As a consequence of how the PCT was envisaged, developed, and implemented, it has become the main government-endorsed tool for strategic cycle network planning across England. Used by campaign groups and national, regional and local government involved in cycling planning, investment and advocacy, it has led to the construction of joined-up regional cycle networks in towns and cities, and informed the majority of UK local authority applications to the £250m government COVID-19 Emergency Active Travel Fund.  At least 58 of 79 local authority and private sector transport planning consultancies have used it in developing cycling investment plans. Planners across Europe, the USA, Australia and New Zealand are now using it as well.

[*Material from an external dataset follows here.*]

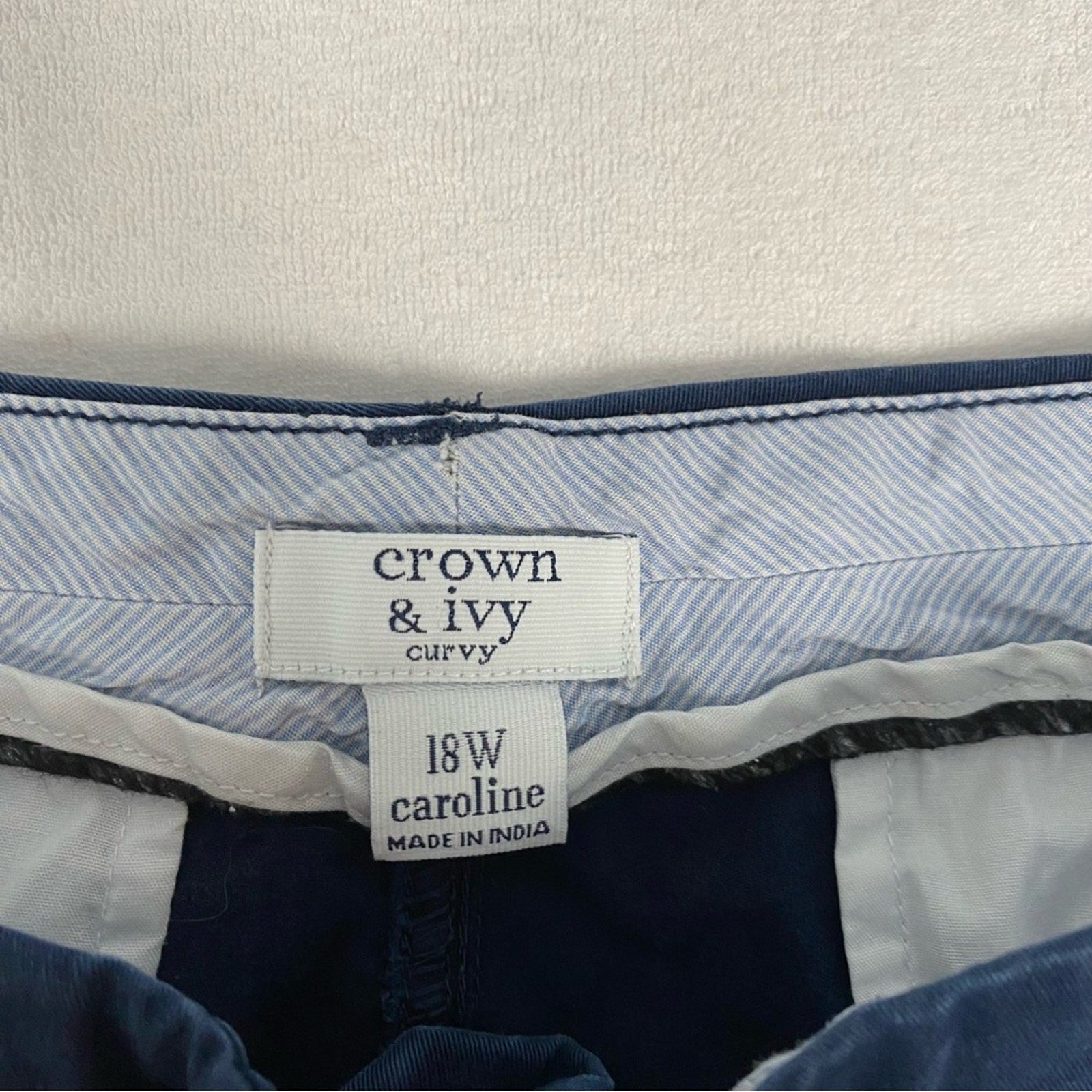 Crown & Ivy Curvy Caroline Cotton Navy Blue Shorts Size 18W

The national charity CyclingUK used the PCT to develop ‘tube-style’ cycle network maps similar to those on the London Underground, to create visions of cycling futures in its national campaign to encourage cycling advocacy groups. This work enabled informed discourse between council officers, consultants, and lobby groups with clear outcomes. A map produced by campaigners in Bristol helped convince their council to commit £35m for investment in cycling over five years.

In response to the climate emergency, health concerns, and air pollution, the UK has made a commitment by 2025 to double the use of cycling. Before the PCT was developed however, transport planners, policy-makers and other stakeholders lacked the integrated evidence on transport pathways, topography and user demographics needed to optimise development of ‘whole bicycling network’ approaches and inform investment in cycling infrastructure.

Since 2017, the PCT has been used by more than 35,000 transport planners, consultants, advocates, and members of the public, directly influencing design and construction of cost-effective cycle networks worth more than £500m. The Local Cycling and Walking Infrastructure Plan (LCWIP) Officer (2018-2019) and Cycling and Walking Officer for Dorset County Council (2019-present) is on record as having said, “In my judgement, the PCT has saved tens of millions of pounds in consultancy fees for public bodies, ensuring that hundreds of millions of pounds of investment in active travel is spent effectively.”